Personal information
- Full name: Christopher James Bolder
- Date of birth: 19 August 1982 (age 42)
- Place of birth: Hull, England
- Height: 5 ft 11 in (1.80 m)
- Position(s): Midfielder

Team information
- Current team: North Ferriby (Manager)

Youth career
- 2000–2001: Hull City

Senior career*
- Years: Team / Apps / (Gls)
- 2001–2004: Grimsby Town / 19 / (0)
- 2004–2005: Ossett Town
- 2005–2008: North Ferriby United
- 2008–2009: Guiseley
- 2009–2013: North Ferriby United
- 2013–2017: Scarborough Athletic

Managerial career
- 2016–2017: Scarborough Athletic (player-assistant)
- 2017: Scarborough Athletic (assistant)
- 2017–2018: North Ferriby United
- 2019: Scarborough Athletic (assistant)
- 2019: Matlock Town (assistant)
- 2019–: North Ferriby

= Chris Bolder =

English footballer

Christopher James Bolder (born 19 August 1982) is an English football manager and former footballer who is manager of Northern Counties East League side North Ferriby.

Bolder was a midfielder in career that lasted from 2001 until 2017, although he only played professionally in the Football League for Grimsby Town between 2001 and 2004, having initially come through the youth ranks at Hull City. Following his release from Grimsby, Bolder moved into Non-League football and turned out for Ossett Town and Guiseley as well as notably spending seven seasons over two spells with North Ferriby United. He later played for Scarborough Athletic where in his final two seasons he also acted as assistant manager. He returned to North Ferriby as manager but after the club was liquidated he took over as manager of the Ferriby's phoenix club in 2019.

==Playing career==

===Grimsby Town===
Bolder and brother Adam were part of the junior setup at Hull City, and both left the club at a young age to pursue career's in the higher divisions. Chris left Hull in the summer of 2001, to sign a professional contract with Grimsby Town, who at the time were several divisions higher than Hull.
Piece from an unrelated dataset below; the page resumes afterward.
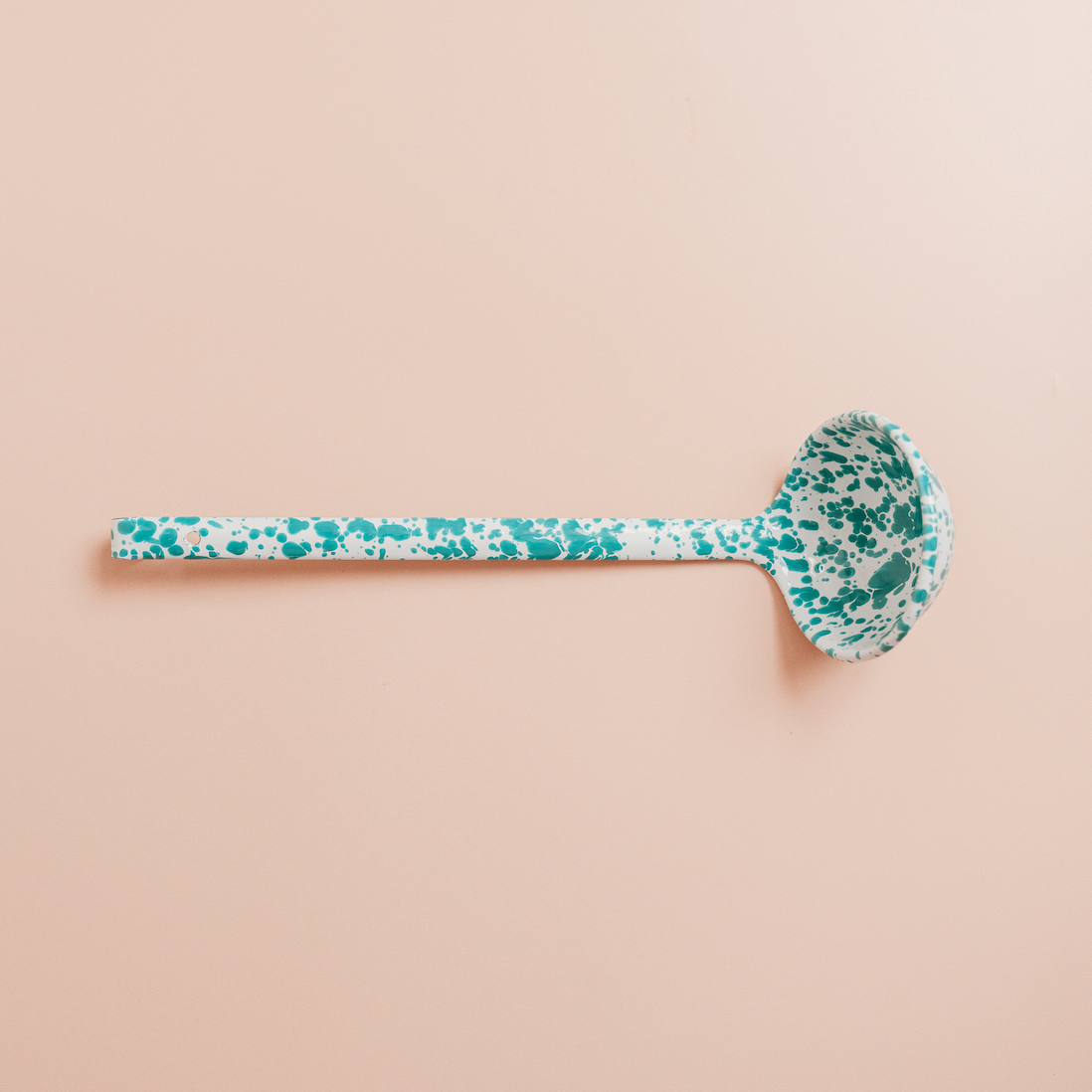 Splatter Enamelware Ladle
He made the move to Blundell Park with fellow City youngster Graham Hockless, and the pair slotted into the club's reserve squad. Bolder failed to make an appearance in his first season with The Mariners, and did not make his debut until nearly 18 months later playing against his brothers team Derby County in a 3–1 victory on Boxing Day 2002. He went on to make a handful of appearances that season but was unable to help Grimsby in there relegation battle, and they dropped down into the Second Division. He was to make only seven showings the following season and was released in May 2004 following another relegation.

===Non-league===
Bolder first joined Ossett Town following his release from The Mariners. He went on to spend seven seasons in total with North Ferriby United over two spells which were separated with a season at Guiseley in 2008. He later joined Scarborough Athletic.

==Personal life==
Bolder is the younger brother of fellow footballer Adam Bolder.

==Coaching career==
In December 2015, Bolder was appointed assistant manager of Scarborough Athletic under Steve Kittrick, still registered as a player. In April 2017, he retired as player after collapsing during a game due to breathing difficulties. He continued at the club in his role as assistant manager. On 28 November 2017, Bolder left his position as assistant manager of Scarborough Athletic to become manager of North Ferriby United. He was sacked in October 2018 after a period with bad results.

In January 2019, he returned to Scarborough Athletic as assistant manager, once again under Steve Kittrick. The duo was sacked for the second time on 16 March 2019. On 6 May 2019, he was appointed assistant manager of Matlock Town under Kittrick again, but Bolder left after only one week to return to North Ferriby as their new manager for the 2019/20 season.